> **Your task**
Once you find the line with "What's up folks, it's" in the entries below, print it and each line after it up to and including the line with "When you first get", exactly, without pictures.

——————

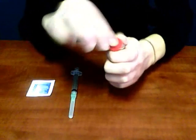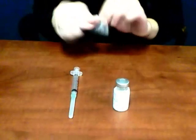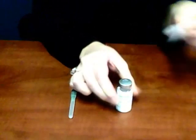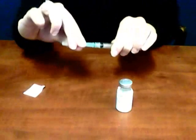Once you've cleaned off your surface and washed your hands, you can begin drawing up the medication. First, you need to pop the top off your injection vial with your thumb. Next, take an alcohol pad and wipe off the top of your vial. Make sure not to touch the vial after you've cleaned it, and allow it to dry for at least 10 seconds.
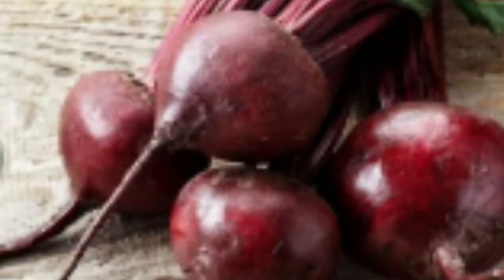Beetroot is very good for skin and hair. You should eat a salad every day. You can eat a salad and juice and you will get a lot of benefits. If you want a natural glow on your skin, then you should eat beetroot. In today's video, I am going to tell you about beetroot powder.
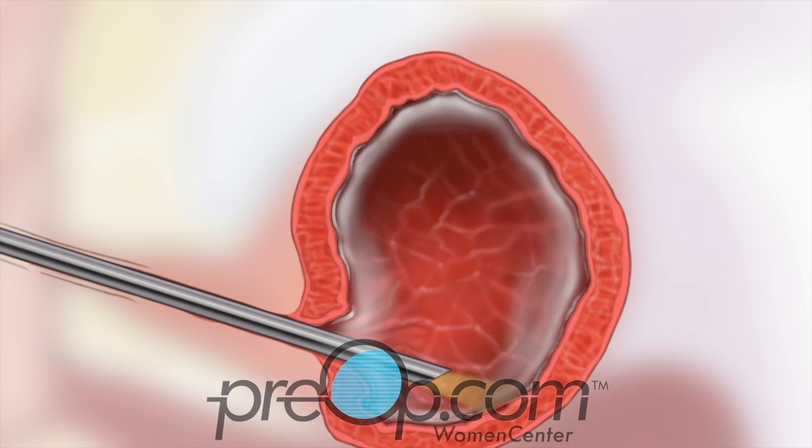After the surgeon makes a final inspection of the bladder, the scope is removed.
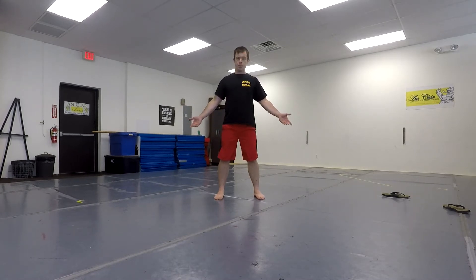What's up folks, it's Dan Wallace here. We are here with an episode of Going Superhuman. We're in my dojo. What we're going to do today is we're going to work on tricking.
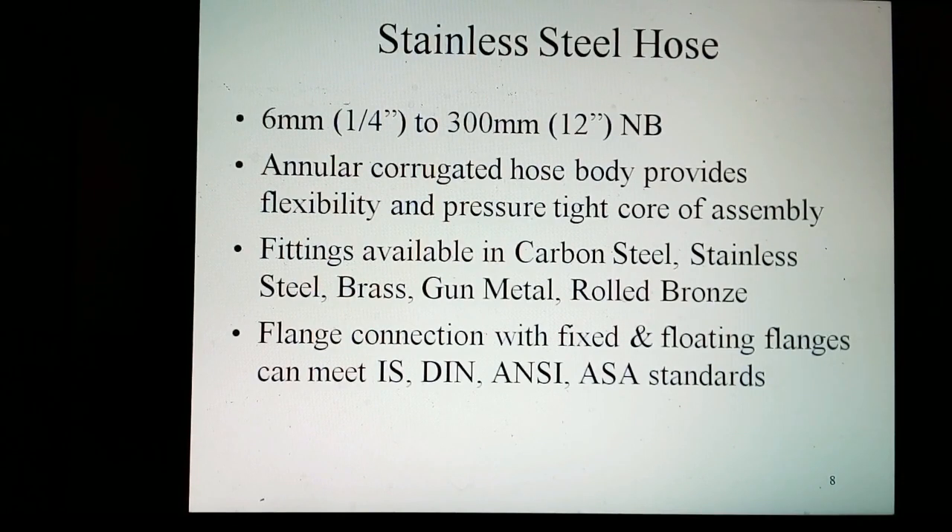Square-wound steel corrugated hose pipes are offered from 6 mm to 300 mm with various end options. The corrugated hose body provides flexibility and pressure-tight connections. Available materials include stainless steel, brass, ground metal, and rose bond, with flange connections featuring fixed and moving flanges as per SS standards or per customer specification.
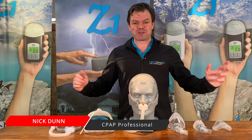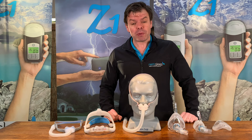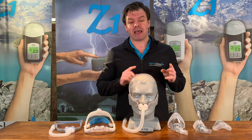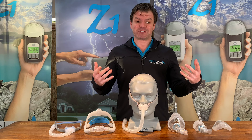When you first get diagnosed with sleep apnea and you're told you need a CPAP mask, it can be very, very confusing. There's just so much variety with the styles and all the manufacturers that it can be a little bit overwhelming. A few years back I did another video where I talked about the three main styles - the pillows, the nasal and the full face mask. But I thought it's time to do an updated video because there is new technology and new varieties of CPAP masks available.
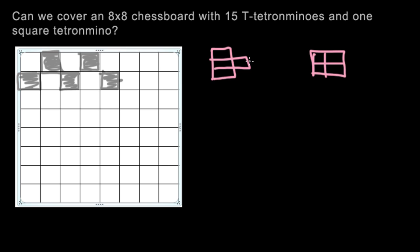Just like last time, we're going to color these shapes, but before we do that, we have to convince ourselves whether or not we can actually cover the chessboard with these shapes. A good way to start is checking if you have enough squares. We have 15 T-shaped tetrominoes and one square tetromino. Each T-shaped tetromino covers 4 squares, so that's 15 times 4, which is 60 squares, plus 4 for the square tetromino — 64 total. So it is numerically possible to cover the chessboard, but we're going to see if it's actually possible using coloring.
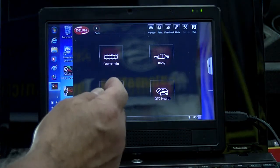This is G from TST. This is the Chevy Volt, part of our GM scan tool shootout. We're on the Delphi scan tool, so I'm going to move it over right there so we can see. As you can see, we're on the Chevy Volt.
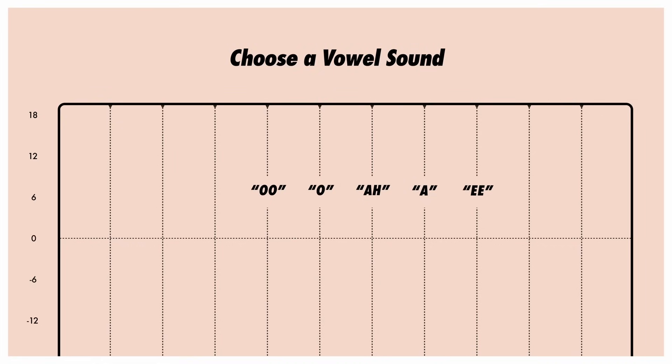Now I want you to listen again, but this time tell me which of these vowel sounds you hear. Do you hear the 'ah' sound? The octave frequency bands between 250 hertz and 4 kilohertz each have a corresponding vowel sound. And if you train yourself to hear these vowel sounds, or formants, it gives your ear something to latch onto. The frequency we've covered so far is 1 kilohertz, which corresponds to an 'ah' sound.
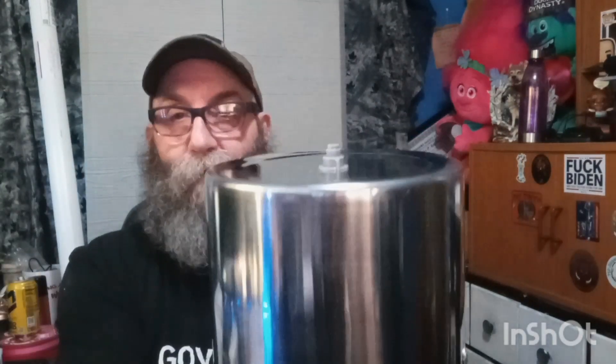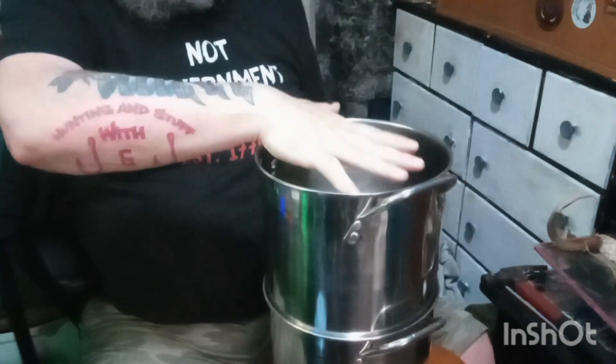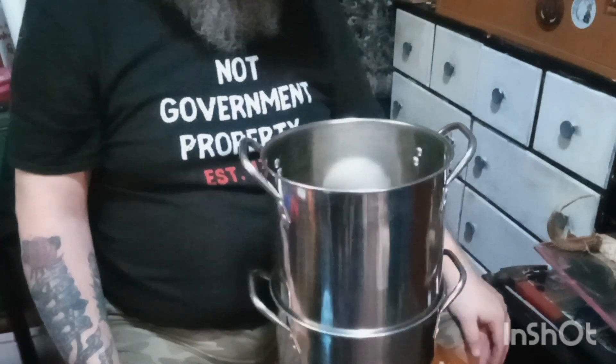Did you ever see those Berkey water systems? This is pretty much the same thing, but DIY and on a budget. So what you do when you first use it, you want to purge this filter — just run water down into here, let it come out and get all filled up. Then you can just put it right over. This pot will sit in like this; you can put the cover on top, let it filter through and you'll have water coming out of there. I like the whole DIY budget stuff.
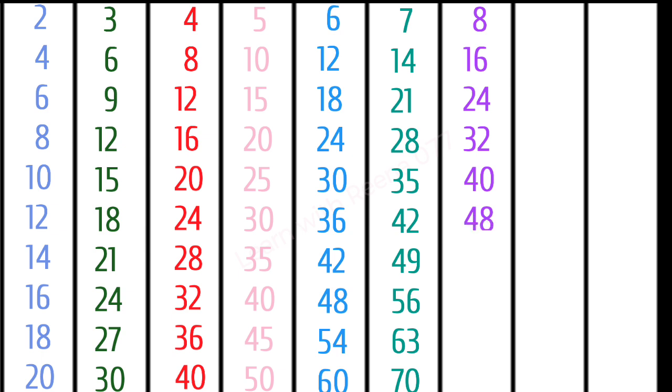8 6s are 48, 8 7s are 56, 8 8s are 64, 8 9s are 72, 8 10s are 80.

——————

> **Problem solution**
What's up folks, it's Dan Wallace here. We are here with an episode of Going Superhuman. We're in my dojo. What we're going to do today is we're going to work on tricking.
Square-wound steel corrugated hose pipes are offered from 6 mm to 300 mm with various end options. The corrugated hose body provides flexibility and pressure-tight connections. Available materials include stainless steel, brass, ground metal, and rose bond, with flange connections featuring fixed and moving flanges as per SS standards or per customer specification.
When you first get diagnosed with sleep apnea and you're told you need a CPAP mask, it can be very, very confusing. There's just so much variety with the styles and all the manufacturers that it can be a little bit overwhelming. A few years back I did another video where I talked about the three main styles - the pillows, the nasal and the full face mask. But I thought it's time to do an updated video because there is new technology and new varieties of CPAP masks available.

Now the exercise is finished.